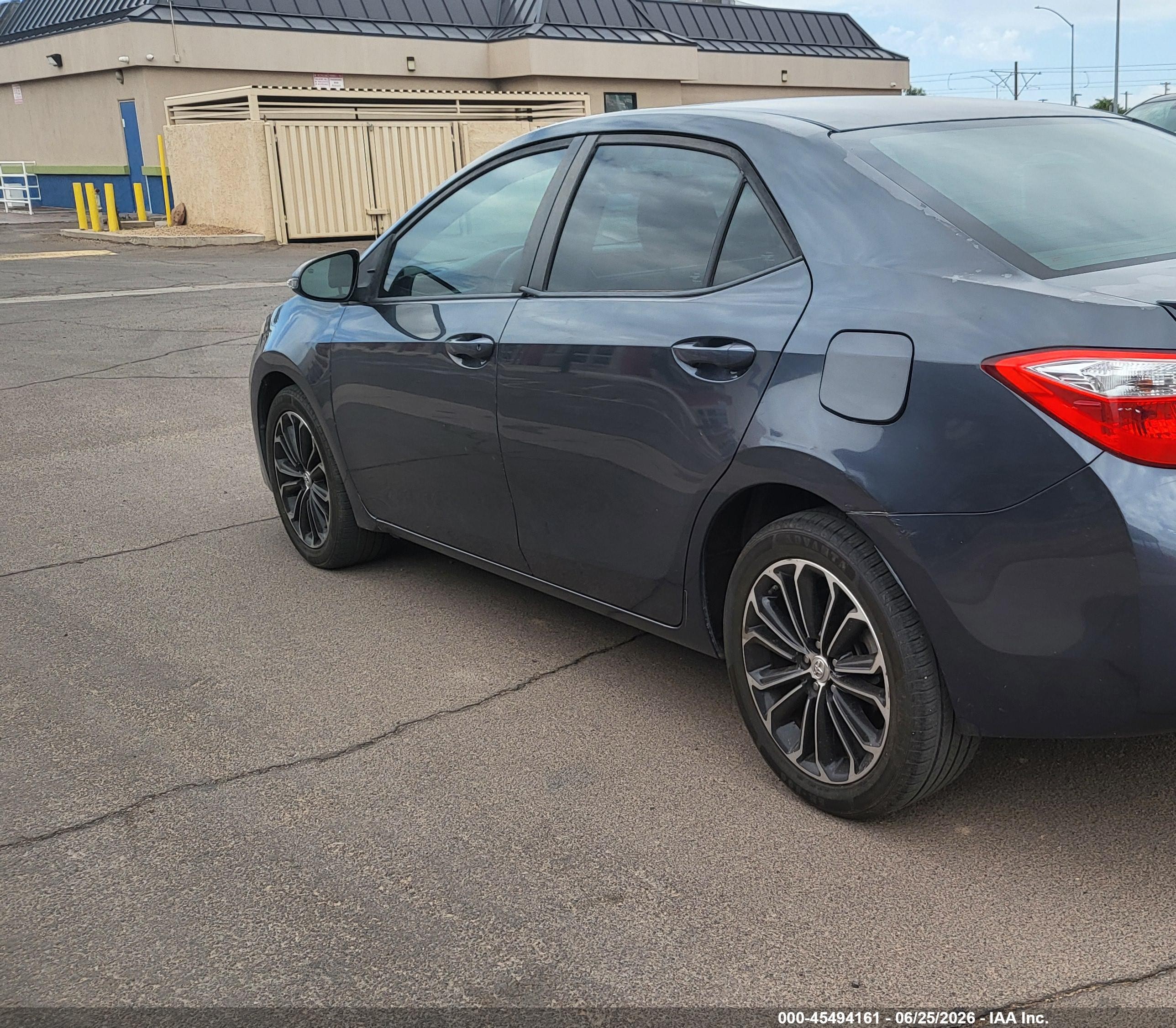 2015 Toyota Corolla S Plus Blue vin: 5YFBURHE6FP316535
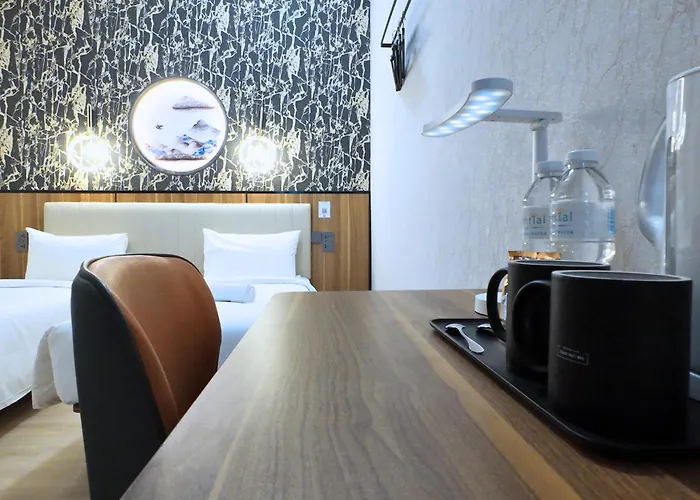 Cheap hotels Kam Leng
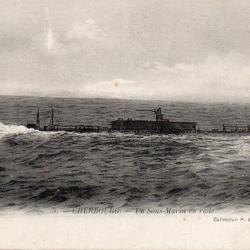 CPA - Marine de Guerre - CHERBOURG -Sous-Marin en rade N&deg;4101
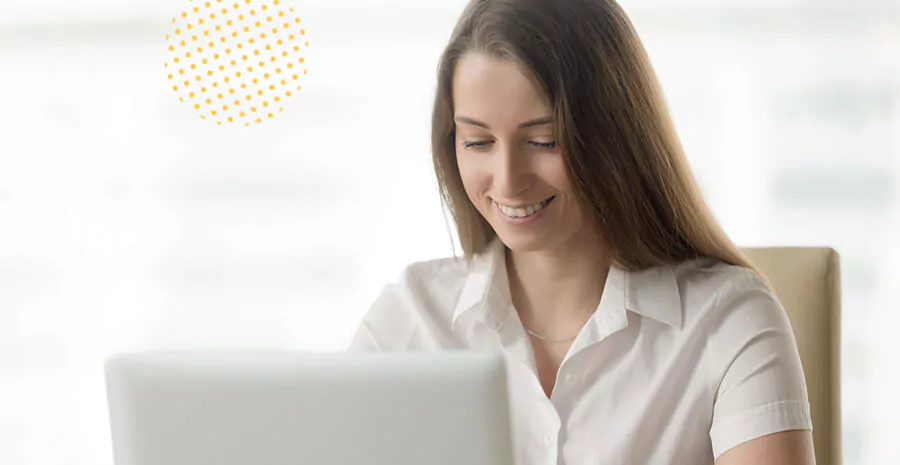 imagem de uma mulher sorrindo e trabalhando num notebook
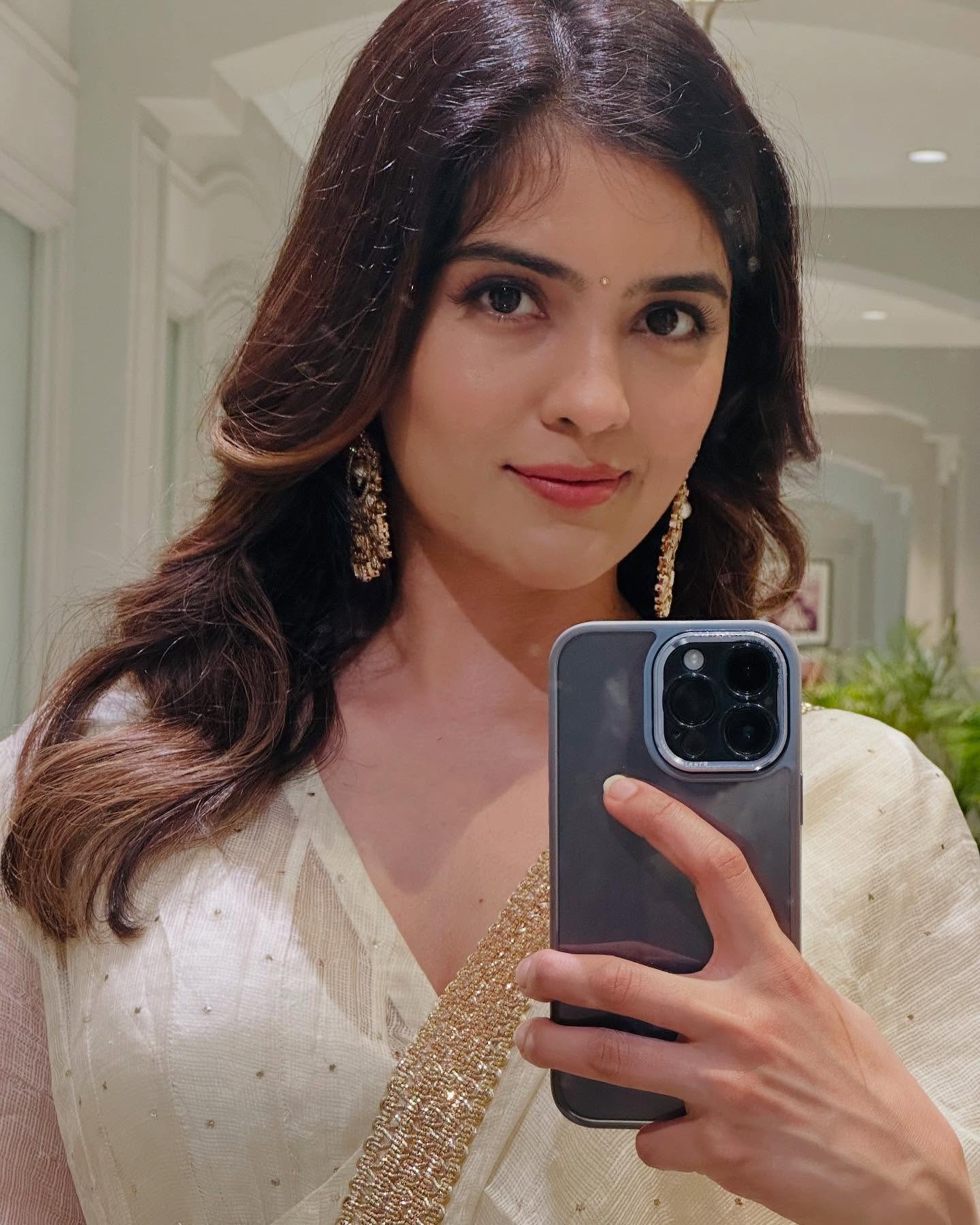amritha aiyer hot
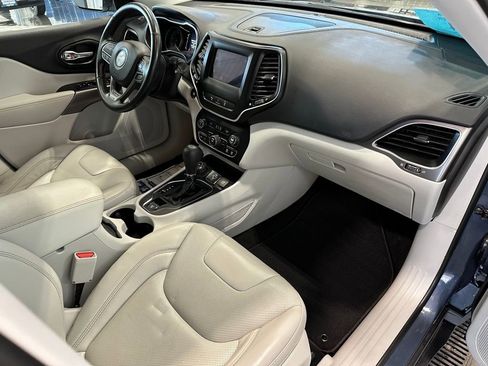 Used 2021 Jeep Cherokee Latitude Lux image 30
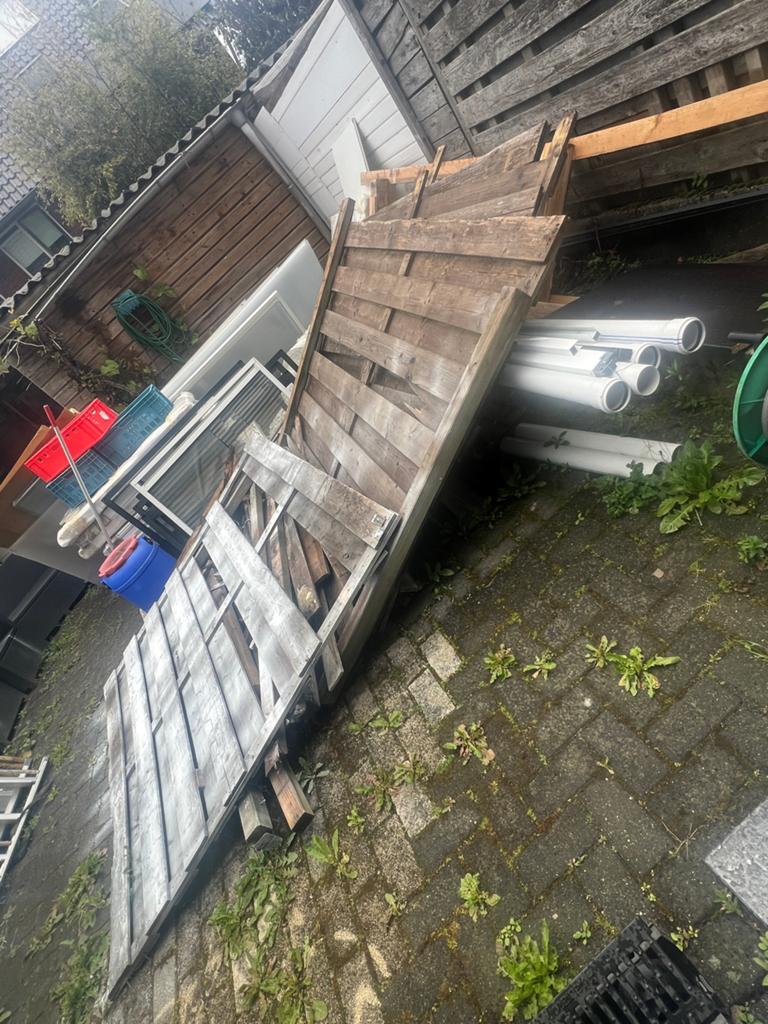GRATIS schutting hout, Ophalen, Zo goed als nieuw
==
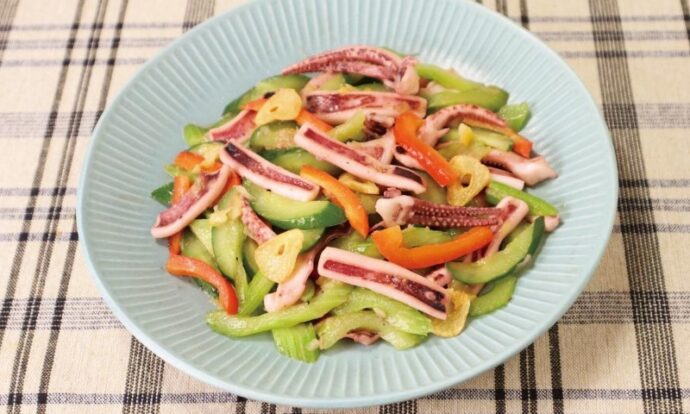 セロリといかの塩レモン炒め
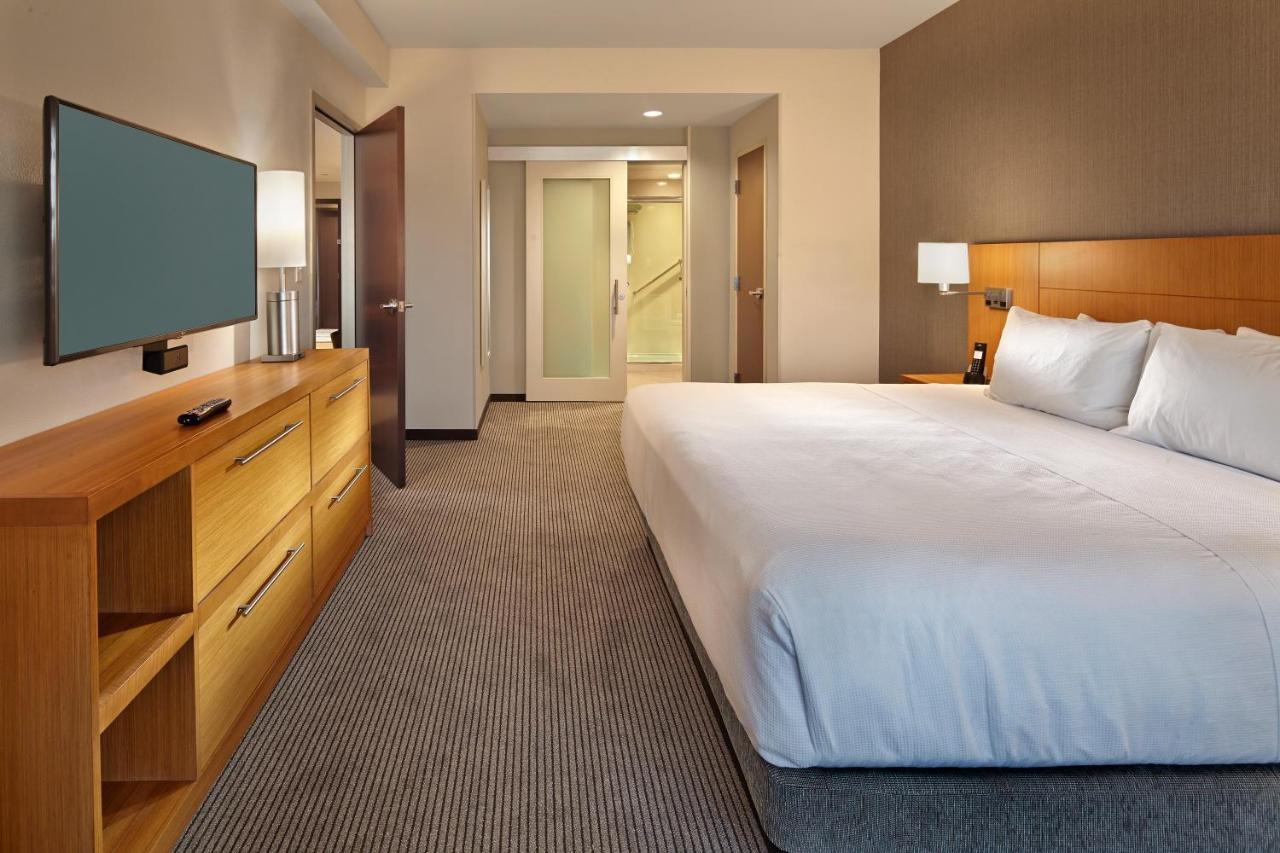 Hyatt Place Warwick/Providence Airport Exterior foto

What you need to do: Range to copy from the listing above: the line containing "セロリといかの塩レモン炒め" down to the line containing "Hyatt Place Warwick/Providence", both included. Reproduce it exactly, minus the pictures, and add nothing.

Result:
 セロリといかの塩レモン炒め
 Hyatt Place Warwick/Providence Airport Exterior foto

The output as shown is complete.